EXERCISE =
The full set of records needs to be retyped exactly.

PROVIDED MATERIAL =
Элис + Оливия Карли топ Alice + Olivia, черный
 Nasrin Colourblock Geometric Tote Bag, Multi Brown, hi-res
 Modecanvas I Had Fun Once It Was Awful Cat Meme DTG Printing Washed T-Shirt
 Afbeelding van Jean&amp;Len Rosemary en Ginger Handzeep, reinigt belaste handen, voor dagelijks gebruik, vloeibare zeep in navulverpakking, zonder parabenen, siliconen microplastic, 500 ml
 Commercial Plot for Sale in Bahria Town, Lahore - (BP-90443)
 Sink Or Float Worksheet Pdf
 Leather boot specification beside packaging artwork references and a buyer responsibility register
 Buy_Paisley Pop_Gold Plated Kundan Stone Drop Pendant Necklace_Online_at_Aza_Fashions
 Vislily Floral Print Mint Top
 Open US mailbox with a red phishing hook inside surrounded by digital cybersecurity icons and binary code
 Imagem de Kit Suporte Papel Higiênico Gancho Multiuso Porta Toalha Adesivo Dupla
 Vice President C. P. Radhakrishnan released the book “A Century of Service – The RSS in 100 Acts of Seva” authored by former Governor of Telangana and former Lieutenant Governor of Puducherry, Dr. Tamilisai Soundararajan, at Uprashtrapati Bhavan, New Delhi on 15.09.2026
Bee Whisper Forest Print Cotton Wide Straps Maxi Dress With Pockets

SOLUTION TO THIS TASK =
Элис + Оливия Карли топ Alice + Olivia, черный
 Nasrin Colourblock Geometric Tote Bag, Multi Brown, hi-res
 Modecanvas I Had Fun Once It Was Awful Cat Meme DTG Printing Washed T-Shirt
 Afbeelding van Jean&amp;Len Rosemary en Ginger Handzeep, reinigt belaste handen, voor dagelijks gebruik, vloeibare zeep in navulverpakking, zonder parabenen, siliconen microplastic, 500 ml
 Commercial Plot for Sale in Bahria Town, Lahore - (BP-90443)
 Sink Or Float Worksheet Pdf
 Leather boot specification beside packaging artwork references and a buyer responsibility register
 Buy_Paisley Pop_Gold Plated Kundan Stone Drop Pendant Necklace_Online_at_Aza_Fashions
 Vislily Floral Print Mint Top
 Open US mailbox with a red phishing hook inside surrounded by digital cybersecurity icons and binary code
 Imagem de Kit Suporte Papel Higiênico Gancho Multiuso Porta Toalha Adesivo Dupla
 Vice President C. P. Radhakrishnan released the book “A Century of Service – The RSS in 100 Acts of Seva” authored by former Governor of Telangana and former Lieutenant Governor of Puducherry, Dr. Tamilisai Soundararajan, at Uprashtrapati Bhavan, New Delhi on 15.09.2026
Bee Whisper Forest Print Cotton Wide Straps Maxi Dress With Pockets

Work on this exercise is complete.